The heart rate really picked up now and a million things ran through my head as I tried to think of a way to get an arrow into him. He seemed to be browsing along the strip I was looking down to my right so when he went behind cover again I moved over to where I thought I could intercept him. The plan was working perfectly and watching those white tips of antler wave back and forth in front of his course hide had the adrenaline cranking. I ranged a really good lane he was heading towards at 25m and waited with bow up ready to draw.
I felt confident covered in my Lamellar camouflage and a couple of times he swung his head around for a glance at his surrounds and he looked straight through me each time. It was great knowing I blended in so well to the habitat and remained completely undetected. He made ground fast and next thing I knew I was at full draw as I watched my sight fill with chocolate hide when he stepped into the opening. I picked the spot, released smoothly, and watched the arrow disappear through him.
With a crash he was out of there and plowed straight through a big patch of scrub before everything went quiet. I was shaking like a leaf now though and grabbed my phone out to see if I had service. I had a couple bars so gave my mates a ring to tell them I was pretty confident on the shot with him and we all agreed to give him a couple hours to make sure as I wasn’t taking any chances on my first sambar.
I ended up marking the spot and going back to set up camp and have a rest for an hour. I really didn’t get much rest as I kept replaying the shot over and over again in my head. It seemed like an eternity but finally I was back on the trail and his prints were fairly clear in the soft earth. There was no blood at all and the marks seemed rather small for an animal of that size but I soon found a small splash of blood. After about 40m there was a trickle of blood on the ground that did a few circles which I thought was a good sign and not 10m on from there lay my first sambar and he was a nice stag!
I rang my mates and we had some very excited phone calls and sent them a few pictures. He was wedged into some thick tea tree so it took all my effort to drag him out into the clear for the pictures, which is a bloody hard task in itself as they are one big critter!
It was an insane feeling to be sitting there looking at such a majestic animal that I had harvested. I looked over his body, the scars, the antlers he had grown and thought of the life he had lived that now had come to an end. I savored every moment and was aware that this might very well be the better sambar stag I will harvest.
After the photo’s I went about caping the stag and butchering the back legs and backstraps. It was going to take a couple of trips to get it back to camp and then another couple trips to get it all back to the pick up point where I had arranged to meet my mates the following evening. I hung everything in a shady place and hunted most of the day deeper into the gully still on a high knowing I had a sambar stag hanging back in camp. I busted a few deer out and got some nice footage of a couple hinds and a group of three stags but couldn’t pull off a stalk for an upgrade.
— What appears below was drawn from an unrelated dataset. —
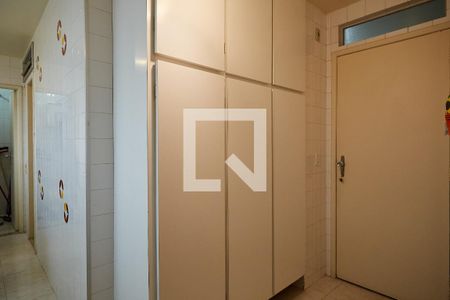 Apartamento à venda com 120m², 3 quartos e 2 vagas Apartamento à venda com 120m², 3 quartos e 2 vagasLavanderia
There was a mature stag in the group, but just as I closed the distance and was about to draw the wind shifted and one of the younger stags honked and took off taking his mates with him. I wasn’t too concerned though and was really just happy to be hunting in an area with such good numbers of deer.
The next day was filled with excitement, plenty of deer encounters and lots of lessons learned on the ability of sambar to use all their senses to full effect.
That night I meet the lads and went back to one of my mates shed to have a heap of celebratory beers and watch him do all the work on finishing the face caping for a shoulder mount.
The next few days we decided to head deep into the ranges and we spent the entire time hunting in one of the worst low fronts to have come through for the year. It poured rain constantly and really limited our options. But we stuck to it, located plenty of deer and learnt more country for future hunts.
A few weeks later my schedule opened up for a couple more days down in the same valley system where I got my stag and I was to find out how lucky I was to take him on my first trip. They are one sneaky species of deer and although I spotted a few stags for the trip their senses way outdid mine and I didn’t get a chance at a good stag. I did manage a nice 50m shot on a spiker on the last day to fill my mates freezer. I was stoked to have taken my second sambar and I can’t wait to get back and keep trying for a nice even mature stag. The boys reckon it might take 20 trips or it might take two, but sure as anything they will keep an eye on the deer and I know I will always have plenty of action to get into when I get over for my sambar hunts.
They keep telling me about the big stags they hunt up high in remote country backpacking deep into the wilderness, the areas they walk into behind seasonal gate closures over winter and the Spring hunting they do when the feed is up, the hinds are hungry and the stags are rutting. It seems like I have found success very early on in my sambar hunting career, but I get the feeling that it really has only just begun and I am really looking forward to the challenges that each hunt will bring. The sambar bug has bitten hard and there really is only one cure.